• [INSTRUCTIONS FOR THE TASK] Leave the pictures out and restate every line below exactly.

• [DATA EXCERPT]
###

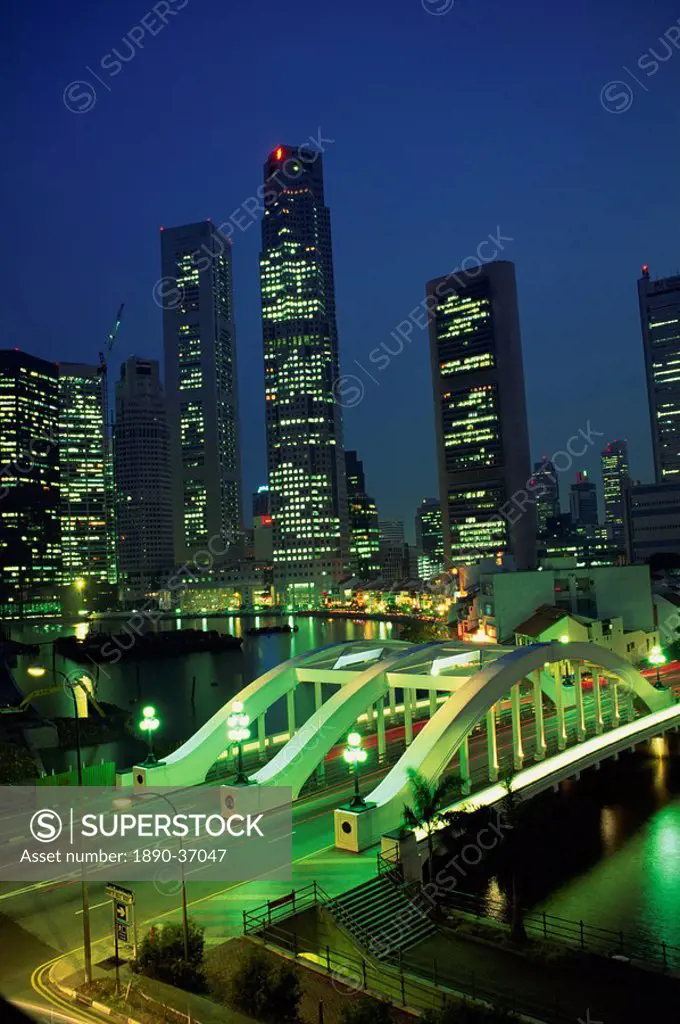 The Elgin Bridge and skyscrapers of the financial district illuminated at night in Singapore, Southeast Asia, Asia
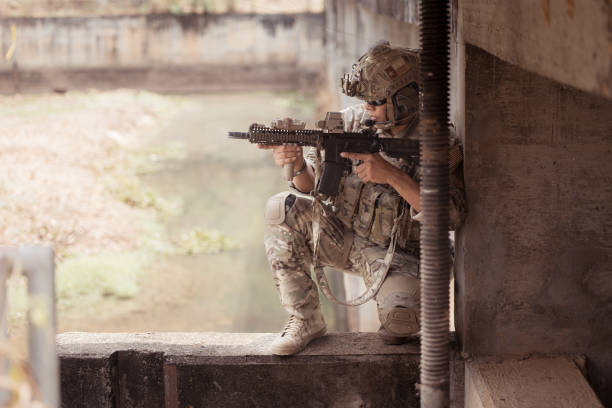 Soldiers in camouflage military uniforms carrying weapons, Reconnaissance missions in the tropical forest area, Assault infantry battle training.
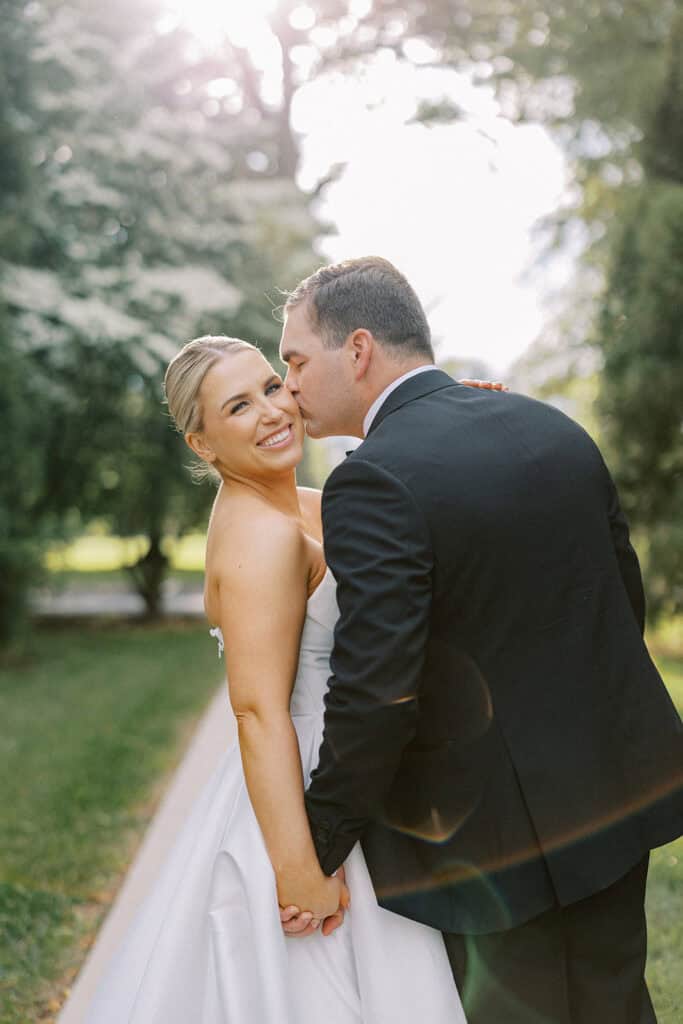 Groom kissing the bride on the cheek while she smiles toward the camera during golden hour portraits outside The Ivy at Ellis Preserve, with backlit trees and natural lens flare.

###

• [ANSWER TO THE EXERCISE]
 The Elgin Bridge and skyscrapers of the financial district illuminated at night in Singapore, Southeast Asia, Asia
 Soldiers in camouflage military uniforms carrying weapons, Reconnaissance missions in the tropical forest area, Assault infantry battle training.
 Groom kissing the bride on the cheek while she smiles toward the camera during golden hour portraits outside The Ivy at Ellis Preserve, with backlit trees and natural lens flare.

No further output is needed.